News / Life / Clark County Life

Take a break from hustle with festive movie favorites

Kiggins and Camas Liberty round up old favorites for the holiday season

By Scott Hewitt, Columbian staff writer
Published: December 22, 2017, 6:02am
10 Photos
Rita Moreno, center, won a best supporting actress Oscar for the 1961 musical “West Side Story.” MGE Home Entertainment
Rita Moreno, center, won a best supporting actress Oscar for the 1961 musical “West Side Story.” MGE Home Entertainment Photo Gallery

The joy and the madness — the festive spirits and timeless tunes, the mandatory stress over cooking and serving and shopping and wrapping and hiding and peeking — will all be over soon.

Maybe you’re ready for a mental vacation from all that. Or maybe you need a refresher on the reason for the season. Either way, try ducking into Clark County’s independent movie theaters, which are about as overstuffed with goodies (both holiday and non-) as Santa Claus’ magical bag of presents.

Weird, wonderful

There’s no place better to start than with a Christmas story that could be the biggest, weirdest “Twilight Zone” episode of them all. Life may turn out wonderful in the 1946 classic “It’s a Wonderful Life,” but that’s only after a surprisingly tough tale of frustrated ambition and corrupt capitalism.

Jimmy Stewart stars as the almost-tragic George Bailey, saved from himself both by an intervening angel and by the very town he yearns to flee. “It’s a Wonderful Life” wasn’t a smash upon release, and the FBI even warned that its pointed class consciousness (virtuous poor v. evil banker) seemed like Communist propaganda.
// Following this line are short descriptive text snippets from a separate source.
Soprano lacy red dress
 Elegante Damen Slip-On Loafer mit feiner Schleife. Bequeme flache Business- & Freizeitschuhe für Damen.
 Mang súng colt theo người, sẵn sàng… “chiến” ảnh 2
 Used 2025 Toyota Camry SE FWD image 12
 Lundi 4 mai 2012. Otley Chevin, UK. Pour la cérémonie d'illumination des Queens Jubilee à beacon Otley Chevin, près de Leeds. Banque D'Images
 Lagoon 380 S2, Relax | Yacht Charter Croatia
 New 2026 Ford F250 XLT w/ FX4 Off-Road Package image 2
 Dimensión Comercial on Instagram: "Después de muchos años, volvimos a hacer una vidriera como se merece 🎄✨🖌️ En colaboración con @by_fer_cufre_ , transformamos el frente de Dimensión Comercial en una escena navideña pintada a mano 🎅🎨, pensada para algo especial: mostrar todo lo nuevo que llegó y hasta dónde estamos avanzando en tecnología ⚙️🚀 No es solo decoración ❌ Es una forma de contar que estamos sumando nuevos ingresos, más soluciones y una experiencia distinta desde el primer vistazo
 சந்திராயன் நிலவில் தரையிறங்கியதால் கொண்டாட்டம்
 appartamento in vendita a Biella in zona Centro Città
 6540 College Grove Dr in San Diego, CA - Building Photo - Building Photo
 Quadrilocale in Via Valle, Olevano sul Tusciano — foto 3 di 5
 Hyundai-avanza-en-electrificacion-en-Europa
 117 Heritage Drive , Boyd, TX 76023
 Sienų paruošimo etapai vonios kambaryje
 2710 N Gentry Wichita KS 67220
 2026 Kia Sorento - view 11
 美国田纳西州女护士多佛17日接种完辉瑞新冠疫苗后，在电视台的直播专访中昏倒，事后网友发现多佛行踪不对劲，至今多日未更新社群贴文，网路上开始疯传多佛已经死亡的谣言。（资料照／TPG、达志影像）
But in 1974, the film’s copyright lapsed and it started showing annually on TV, which is how it became such a sentimental favorite.

Kiggins Theatre

Where: 1011 Main St., Vancouver.

Tickets: $9. (“Doctor Who” is free.)

On the web: www.kigginstheatre.com

“It’s a Wonderful Life”: 2 p.m. and 7:15 p.m. Dec. 22; 4:20 p.m. Dec. 23; 2 p.m. Dec. 24. 

• “White Christmas,” 4:40 p.m. Dec. 22; 1:45 and 7:30 p.m. Dec. 23; 4:40 p.m. Dec. 24.

“Doctor Who Christmas Special” 9 p.m. Dec. 25. 

“West Side Story,” 5 p.m. Dec. 25; 6:30 p.m. Dec. 26-28.

Winter break movies at Camas Public Library

Where: 625 N.E. Fourth Ave., Camas

Admission: Free.

“Cinderella” (the 1950 Disney classic): 2 p.m. Dec. 22.

“The Nightmare Before Christmas,” 2 p.m. Dec. 26.

“Captain Underpants: The Epic First Movie,” 2 p.m. Dec. 27.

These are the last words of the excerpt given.